Já os adultos estavam concentrados na cena que se desenrolava no centro da clareira.
Ouviram claramente quando o garotinho se abaixou ao lado da princesa e, afagando os seus cabelos carinhosamente, falou:
- Ei!
Ela abriu os olhos sonolentos.
- Por que estamos aqui? - Tedor inquiriu suavemente.
A pequena se espreguiçou.
- Não estava conseguindo dormir por conta de toda magia no ar, saí para dar uma volta e acabei vendo o que não devia.
Ani, Daena, Faramir e Cam olharam desconfiados para Thalion.
O guerreiro levantou as mãos:
- Nós estávamos apenas nos beijando, eu juro! - Sussurrou de volta.
Lá embaixo, Tedor olhava a princesa com o cenho franzido.
- Nós já vimos tanta coisa louca por aí, Luna. Não pode ter sido pior do que aquela vez que espiamos Islodel no riacho com um soldado.
Foi a vez dos machos encararem Ani e Daena.
- Nós conversamos com eles sobre isso. - Daena se defendeu.
No centro da arena Luna riu:
- Pior, Tedor? Tive a impressão que você gostou muito do que viu naquele dia.
- Ah, qual é? Aquilo foi bem... instrutivo. E nem vem que você também gostou. - Ele brincou.
Klaus se levantou, forçando Luna a se sentar. Depois de lamber o rosto da princesa, foi em direção à sua irmã gêmea, Kiara, que desde que chegou fitava o morro assim como todos os outros felinos do bando.
Luna suspirou acompanhando o olhar dos animais:
- Hoje foi mais como quando pegamos Brandon com aquele macho.
Tedor arregalou os olhos e se aproximou da amiga.
- Eu... eu sinto muito, Lu. - Disse afagando seus ombros delicados e, como se compartilhasse um segredo, continuou - Nossos pais estão aqui, acho melhor conversarmos depois.
A princesa acenou em concordância.
- É, o bando está agitado por conta deles.
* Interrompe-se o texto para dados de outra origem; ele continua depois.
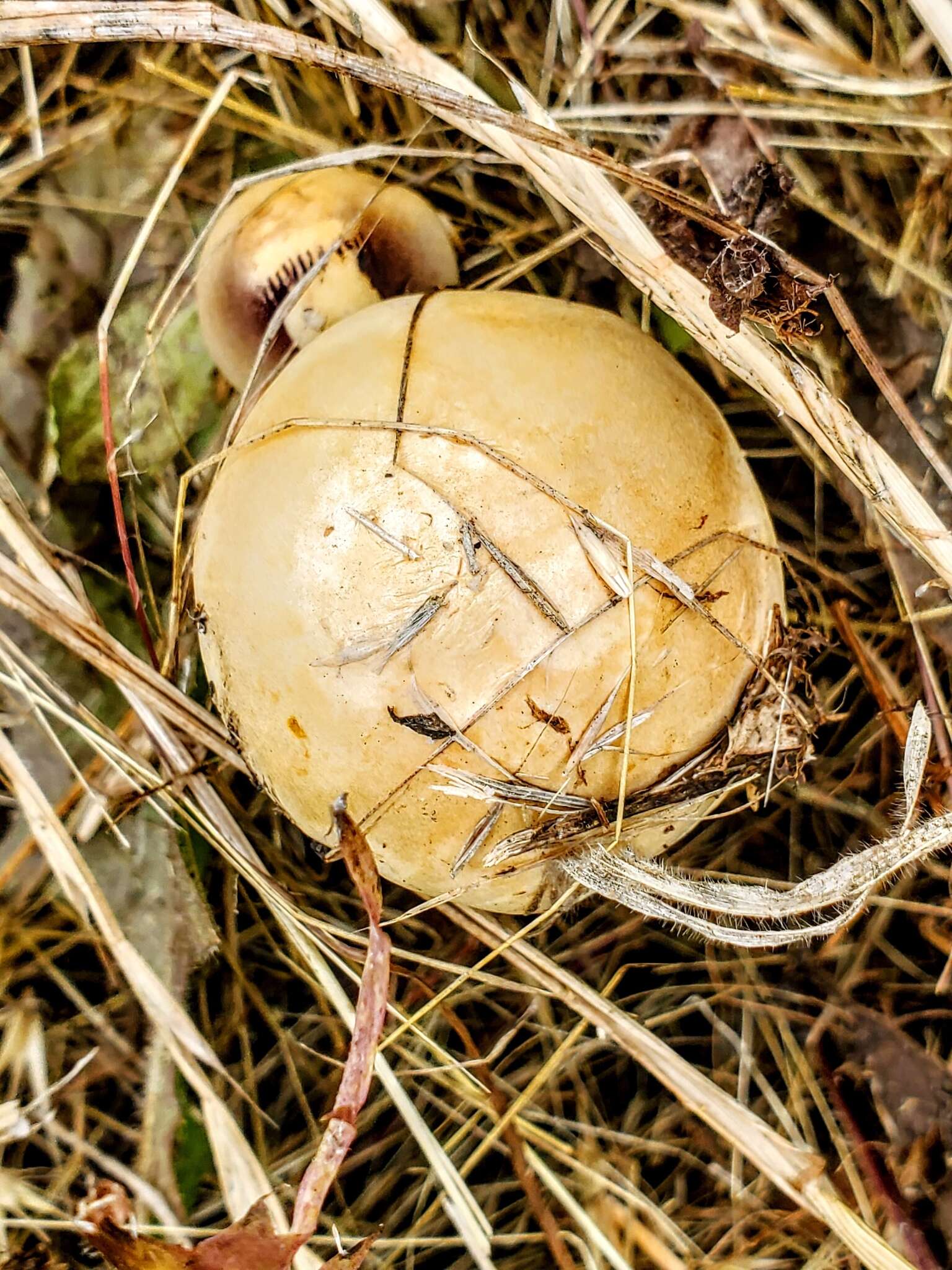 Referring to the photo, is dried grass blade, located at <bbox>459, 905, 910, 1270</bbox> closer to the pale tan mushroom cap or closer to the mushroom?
the pale tan mushroom cap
Melhor irmos antes que resolvam devorá-los. Mas... não quero voltar para casa de Islodel.
- Você pode dormir comigo na casa do Brandon. - O garoto sugeriu.
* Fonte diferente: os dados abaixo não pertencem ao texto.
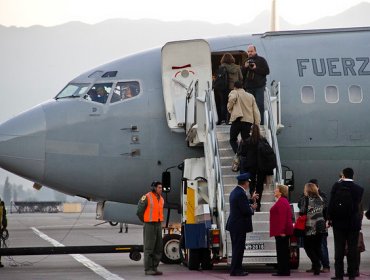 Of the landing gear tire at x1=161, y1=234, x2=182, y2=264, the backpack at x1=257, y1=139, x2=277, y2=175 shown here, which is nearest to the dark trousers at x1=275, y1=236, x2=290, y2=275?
the backpack at x1=257, y1=139, x2=277, y2=175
- Tem certeza? Não quero atrapalhar seus planos.
Tedor respirou fundo.
- Ele só me vê como a criança que eu sou. Está na festa se divertindo. Não fará diferença você estar lá comigo ou não.
- Nós somos dois iludidos, Tedor.
- Sim, nós somos. - O pequeno respondeu com ar de maturidade. - Mas cresceremos um dia e então daremos as cartas.
- É tão assustador ver, em carne e osso, o elfo que assombra meus sonhos... e ele... ele é tão velho!
Tedor gargalhou.
- Bem, agora que chegaram outros da nossa idade, quem sabe as coisas não mudam?
- Seria bom - A princesa suspirou.
A fadinha ergueu os braços e enlaçou o pescoço do amigo. Tedor aproveitou a proximidade e, segurando-a firme nos braços, se levantou.
Caminhou calmamente até o casal de felinos e, com um salto elegante, montou em Kiara, sua tigrera de estimação, acomodando Luna em seu colo de forma segura.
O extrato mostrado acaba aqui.